Selected pearls of wisdom from HASTAC presenters and panels:
I had opportunities to present on two panels: “Tales From the Library Basement: Doing Digital Humanities as CLIR Fellows” (with co-panelists Rachel Deblinger, Emily McGinn, and Alicia Peaker”) and “Thinking Outside the Archive: Engaging Students and Community in Special Collections Digital Projects” (with co-panelists Chella Vaidyanathan, Caitlin Christian-Lamb, Robin Wharton, and Elon Lang).
Both panels were followed by extremely useful discussions. During our discussion, gracefully moderated by former CLIR fellow and current Director of the Center for Digital Learning and Research at Occidental College Daniel Chamberlain, about doing Digital Humanities as CLIR fellows, we compared tensions and challenges in various institutional settings where we circulate not exactly as faculty, and not exactly as librarians. It can be a very productive (if sometimes uncomfortable!) place to be. Despite our very different project responsibilities and position descriptions, all of us function as “human hubs,” or “Collaborators-in-Chief” (Dr. Chamberlain’s term), working as intermediaries between libraries, academic departments, and other bodies on campus.
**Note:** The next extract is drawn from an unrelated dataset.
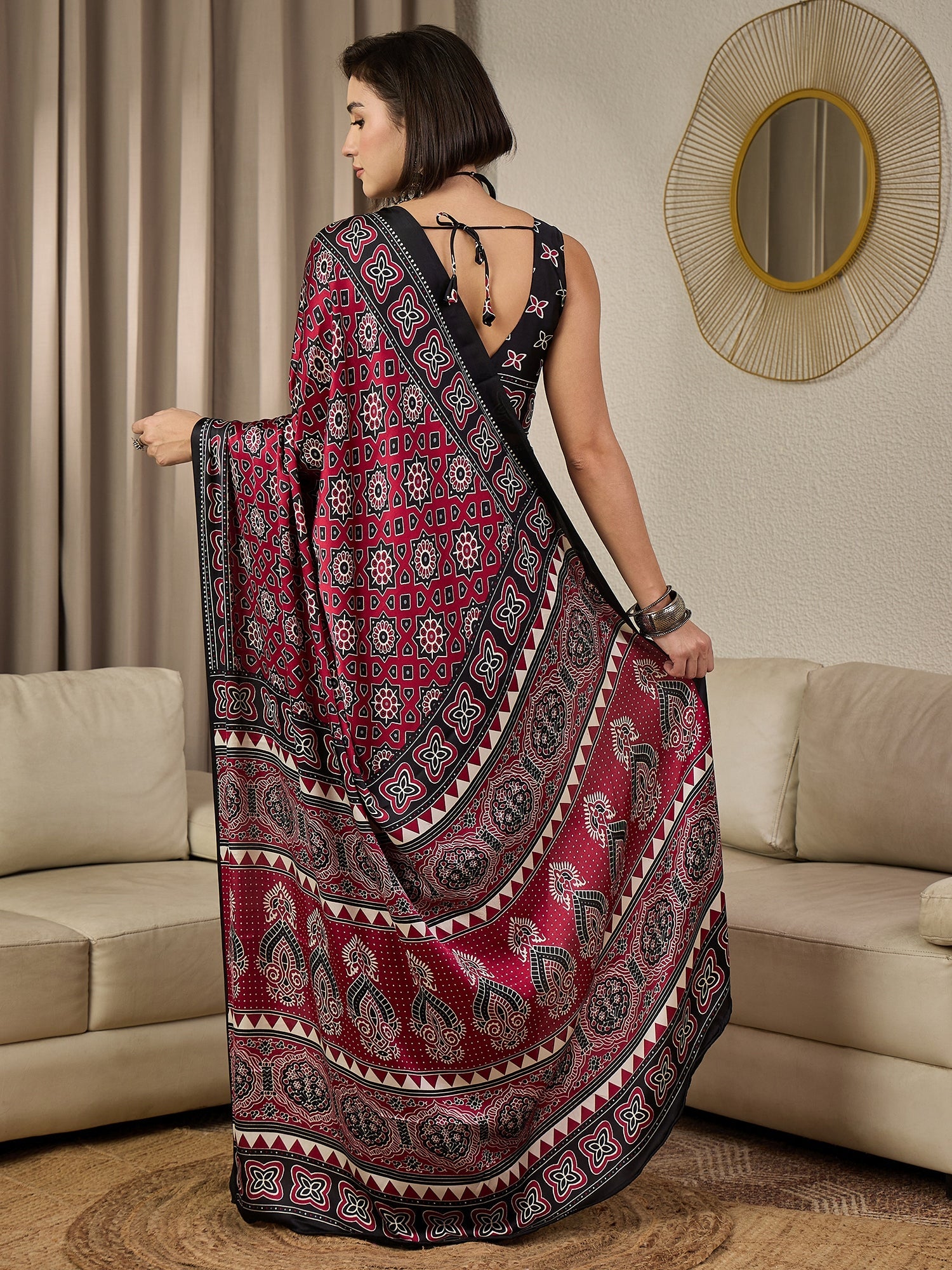 Ready to wear Maroon Satin Ajrakh Print Saree - Ressa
All of my fellow panelists on “Thinking Outside the Archive: Engaging Students and Community in Special Collections Digital Projects” are doing fabulous work to enhance undergraduate education through engagement with archives and special collections. Check out the Hoccleve Archive project run by Elon Lang and Robin Wharton. And see Caitlin Christian-Lamb’s absorbing blog posts about archives-oriented digital projects she’s undertaken at Davidson College Archives and Special Collections here. Christian-Lamb recommends that DH practitioners hone a “DH and Archives elevator speech” to effectively and directly articulate the benefits of allying digital humanities work with archives and special collections.
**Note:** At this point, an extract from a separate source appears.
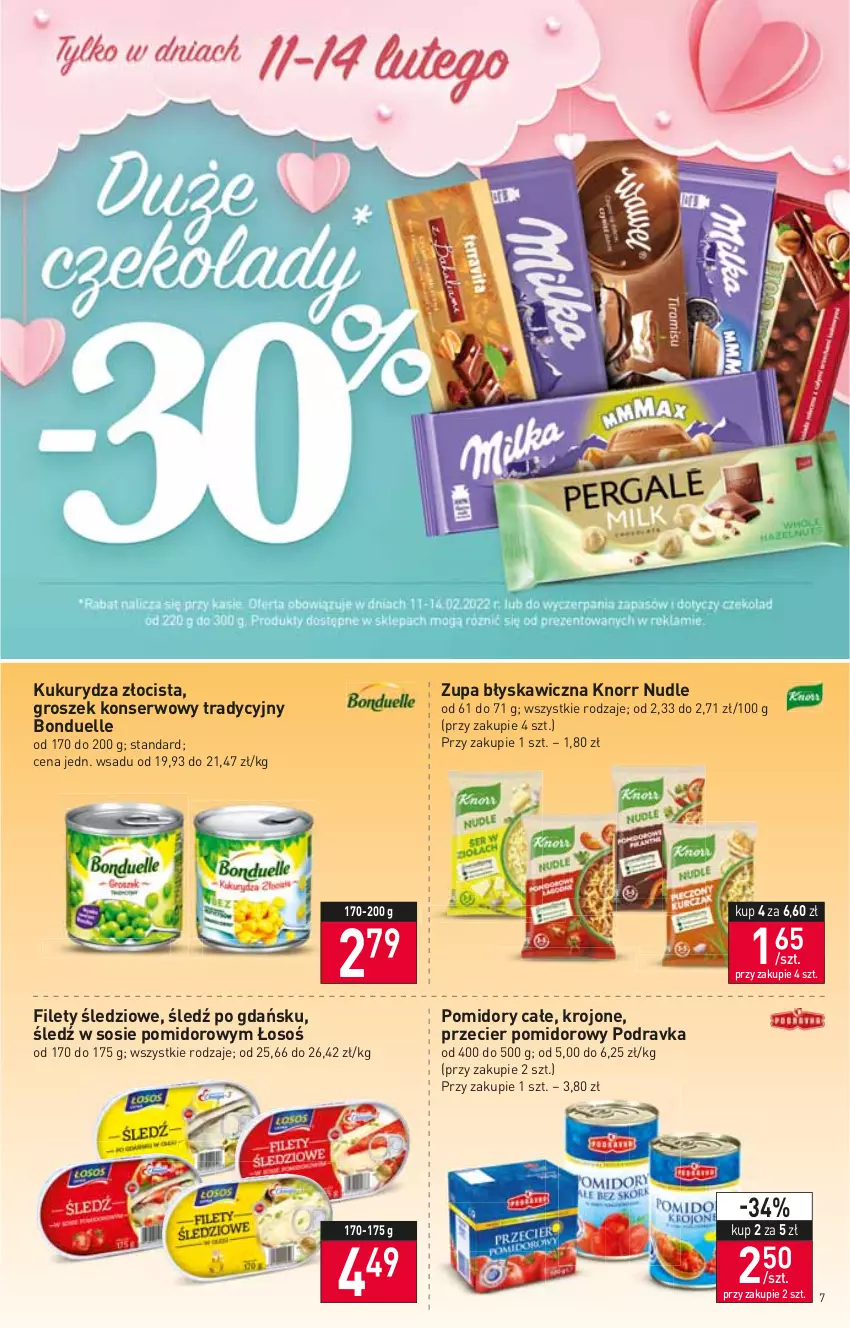 Gazetka promocyjna Stokrotka - Supermarket - ważna 10.02 do 16.02.2022 - strona 7 - produkty: Bonduelle, Groszek, Knorr, Kukurydza, Podravka, Pomidory, Ser, Sos, Zupa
During the panel discussion, I posed the question of how to assess student work on digital archives projects. Here are two ideas from the audience that I look forward to implementing:
- Badges. Beau Case, Head of the Arts & Humanities Team at University of Michigan Libraries, suggested implementing a digital skills badge system as a way to incentivize and assess student work on digital archives projects in the semester-long classroom setting.
- Student-generated rubrics. Danica Savonick offered her experience guiding students in setting the priorities of a given assignment by collaborating on rubrics for assessment. Her HASTAC blog posts here and here offer insights into the collaborative process, while her article in the Journal of Interactive Technology and Pedagogy provides a complete case study.
Other pearls of wisdom from the conference at large:
- With regard to building digital humanities projects in libraries: Julie Bobay of Indiana University Libraries emphasized that libraries need a “digital humanities consultation checklist” to work with faculty to anticipate audience, impact, sustainability, rights, grant-funding prospects, and other crucial criteria for successful and sustainable projects. She added that it’s important to align project goals with existing support and infrastructure. Nancy Maron of Ithaka S+R suggested the Sustainability Implementation Toolkit as a first step toward building sustainable digital projects.
- With regard to digital archives projects: in her presentation on the 9/11 Digital Archive, Dhanashree Thorat reminded us that we must examine not only the content but the structure of archives to learn how they may privilege and/or de-privilege certain voices and perspectives. Dorothy Odartey-Wellington argued for the preservation of “inactive voices” (such as discontinued blogs) as crucial for the historical record. And Rebecca Wingo analogized digital humanities and archival research: we can go in with an agenda, but we must be open to a journey elsewhere, since both digital humanities and archival projects often take on lives and identities of their own, regardless of original intentions.
Huge thanks to the HASTAC Conference Organizing Committee for making this dynamic, inspirational, and beautifully-run event possible!